• **PROBLEM TO SOLVE**
Quote exactly, and only, the lines of the material below from the line with "carpeted spare room" through the line with "Personalized Cowhide Print".

• **MATERIAL FOR THIS EXERCISE**
- - - - - - -

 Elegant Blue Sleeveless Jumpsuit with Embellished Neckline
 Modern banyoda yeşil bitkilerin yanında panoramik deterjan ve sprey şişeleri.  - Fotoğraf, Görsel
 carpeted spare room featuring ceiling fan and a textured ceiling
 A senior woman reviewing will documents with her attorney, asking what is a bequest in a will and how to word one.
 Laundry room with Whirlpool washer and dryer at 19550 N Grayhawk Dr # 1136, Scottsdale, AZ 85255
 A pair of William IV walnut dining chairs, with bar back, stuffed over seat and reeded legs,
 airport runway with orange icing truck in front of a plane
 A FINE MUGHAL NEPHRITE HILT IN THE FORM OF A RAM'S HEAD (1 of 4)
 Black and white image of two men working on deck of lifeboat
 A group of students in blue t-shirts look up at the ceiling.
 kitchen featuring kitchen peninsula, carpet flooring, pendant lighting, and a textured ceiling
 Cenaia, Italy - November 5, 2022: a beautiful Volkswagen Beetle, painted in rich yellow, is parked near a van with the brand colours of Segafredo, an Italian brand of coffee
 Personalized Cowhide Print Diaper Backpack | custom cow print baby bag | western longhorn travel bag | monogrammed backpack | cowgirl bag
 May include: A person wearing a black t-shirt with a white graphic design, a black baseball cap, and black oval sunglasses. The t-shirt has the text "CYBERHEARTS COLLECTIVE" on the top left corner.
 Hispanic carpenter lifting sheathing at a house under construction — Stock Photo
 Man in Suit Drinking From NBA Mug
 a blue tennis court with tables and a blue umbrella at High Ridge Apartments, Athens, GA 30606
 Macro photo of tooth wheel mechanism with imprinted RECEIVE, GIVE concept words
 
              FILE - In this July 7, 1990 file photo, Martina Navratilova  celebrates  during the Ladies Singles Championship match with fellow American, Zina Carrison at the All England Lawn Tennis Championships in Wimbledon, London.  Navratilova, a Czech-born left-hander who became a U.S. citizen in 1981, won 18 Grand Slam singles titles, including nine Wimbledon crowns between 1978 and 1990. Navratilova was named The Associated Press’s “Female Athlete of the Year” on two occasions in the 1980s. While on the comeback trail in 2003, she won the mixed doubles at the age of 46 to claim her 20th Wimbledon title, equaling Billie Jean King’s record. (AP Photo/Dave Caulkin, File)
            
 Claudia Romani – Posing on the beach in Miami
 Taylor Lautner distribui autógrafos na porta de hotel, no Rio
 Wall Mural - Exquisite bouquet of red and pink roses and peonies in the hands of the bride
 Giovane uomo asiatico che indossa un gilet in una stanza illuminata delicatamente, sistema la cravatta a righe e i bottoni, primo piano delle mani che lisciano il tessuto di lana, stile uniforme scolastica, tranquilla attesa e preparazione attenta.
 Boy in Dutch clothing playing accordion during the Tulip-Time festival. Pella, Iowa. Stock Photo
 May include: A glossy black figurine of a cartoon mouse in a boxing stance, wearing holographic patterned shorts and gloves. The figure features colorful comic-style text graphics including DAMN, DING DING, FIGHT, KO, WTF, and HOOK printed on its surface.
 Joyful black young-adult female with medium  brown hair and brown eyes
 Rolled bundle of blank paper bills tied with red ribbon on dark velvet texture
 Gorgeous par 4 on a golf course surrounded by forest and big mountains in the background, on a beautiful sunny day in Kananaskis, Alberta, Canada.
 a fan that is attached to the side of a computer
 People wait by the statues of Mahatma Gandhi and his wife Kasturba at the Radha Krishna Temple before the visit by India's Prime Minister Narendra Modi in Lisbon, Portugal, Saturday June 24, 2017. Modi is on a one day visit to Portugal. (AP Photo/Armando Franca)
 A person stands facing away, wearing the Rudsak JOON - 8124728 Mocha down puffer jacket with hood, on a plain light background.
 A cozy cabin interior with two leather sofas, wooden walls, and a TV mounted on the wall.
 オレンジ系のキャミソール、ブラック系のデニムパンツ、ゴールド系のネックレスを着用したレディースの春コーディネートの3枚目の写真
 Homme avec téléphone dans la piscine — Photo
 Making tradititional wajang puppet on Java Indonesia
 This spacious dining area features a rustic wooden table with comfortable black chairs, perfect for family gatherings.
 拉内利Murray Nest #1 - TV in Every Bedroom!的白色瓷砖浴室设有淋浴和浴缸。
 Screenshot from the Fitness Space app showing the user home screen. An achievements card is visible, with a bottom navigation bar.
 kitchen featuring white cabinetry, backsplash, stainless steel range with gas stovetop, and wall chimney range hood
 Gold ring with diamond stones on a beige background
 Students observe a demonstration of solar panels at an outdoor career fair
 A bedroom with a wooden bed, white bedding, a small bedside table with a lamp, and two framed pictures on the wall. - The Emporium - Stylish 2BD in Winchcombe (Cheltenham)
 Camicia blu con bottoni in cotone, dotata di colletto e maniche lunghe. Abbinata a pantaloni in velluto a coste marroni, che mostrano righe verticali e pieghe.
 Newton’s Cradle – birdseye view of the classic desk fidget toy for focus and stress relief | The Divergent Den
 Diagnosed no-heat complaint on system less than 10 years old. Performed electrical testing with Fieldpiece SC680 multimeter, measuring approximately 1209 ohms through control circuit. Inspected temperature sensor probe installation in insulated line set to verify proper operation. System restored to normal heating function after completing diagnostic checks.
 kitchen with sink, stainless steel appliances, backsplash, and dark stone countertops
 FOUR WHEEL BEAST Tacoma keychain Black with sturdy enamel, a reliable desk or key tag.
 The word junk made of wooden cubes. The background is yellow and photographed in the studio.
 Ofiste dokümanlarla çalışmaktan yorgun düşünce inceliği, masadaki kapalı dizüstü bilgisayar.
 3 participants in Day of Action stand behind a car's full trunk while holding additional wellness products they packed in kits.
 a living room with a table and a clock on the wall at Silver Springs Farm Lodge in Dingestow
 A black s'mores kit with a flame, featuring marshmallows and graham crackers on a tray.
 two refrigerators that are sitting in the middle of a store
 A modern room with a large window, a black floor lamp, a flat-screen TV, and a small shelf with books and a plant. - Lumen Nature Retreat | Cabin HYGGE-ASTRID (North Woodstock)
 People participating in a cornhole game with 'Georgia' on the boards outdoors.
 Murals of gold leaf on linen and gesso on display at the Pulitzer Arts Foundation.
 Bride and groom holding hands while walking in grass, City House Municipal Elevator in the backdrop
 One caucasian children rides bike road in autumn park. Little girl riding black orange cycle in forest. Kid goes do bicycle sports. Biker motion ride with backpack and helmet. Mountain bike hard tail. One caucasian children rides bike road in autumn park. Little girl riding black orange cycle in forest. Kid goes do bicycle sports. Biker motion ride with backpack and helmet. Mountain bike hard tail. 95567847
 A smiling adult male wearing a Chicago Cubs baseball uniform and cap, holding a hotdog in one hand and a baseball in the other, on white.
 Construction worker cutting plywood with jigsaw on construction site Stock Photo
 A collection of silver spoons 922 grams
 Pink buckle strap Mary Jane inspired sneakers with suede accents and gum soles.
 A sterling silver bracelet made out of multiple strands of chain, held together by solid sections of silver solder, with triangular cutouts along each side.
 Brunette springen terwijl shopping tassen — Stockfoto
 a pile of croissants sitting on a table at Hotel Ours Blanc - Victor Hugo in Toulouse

- - - - - - -

• **EXERCISE ANSWER**
 carpeted spare room featuring ceiling fan and a textured ceiling
 A senior woman reviewing will documents with her attorney, asking what is a bequest in a will and how to word one.
 Laundry room with Whirlpool washer and dryer at 19550 N Grayhawk Dr # 1136, Scottsdale, AZ 85255
 A pair of William IV walnut dining chairs, with bar back, stuffed over seat and reeded legs,
 airport runway with orange icing truck in front of a plane
 A FINE MUGHAL NEPHRITE HILT IN THE FORM OF A RAM'S HEAD (1 of 4)
 Black and white image of two men working on deck of lifeboat
 A group of students in blue t-shirts look up at the ceiling.
 kitchen featuring kitchen peninsula, carpet flooring, pendant lighting, and a textured ceiling
 Cenaia, Italy - November 5, 2022: a beautiful Volkswagen Beetle, painted in rich yellow, is parked near a van with the brand colours of Segafredo, an Italian brand of coffee
 Personalized Cowhide Print Diaper Backpack | custom cow print baby bag | western longhorn travel bag | monogrammed backpack | cowgirl bag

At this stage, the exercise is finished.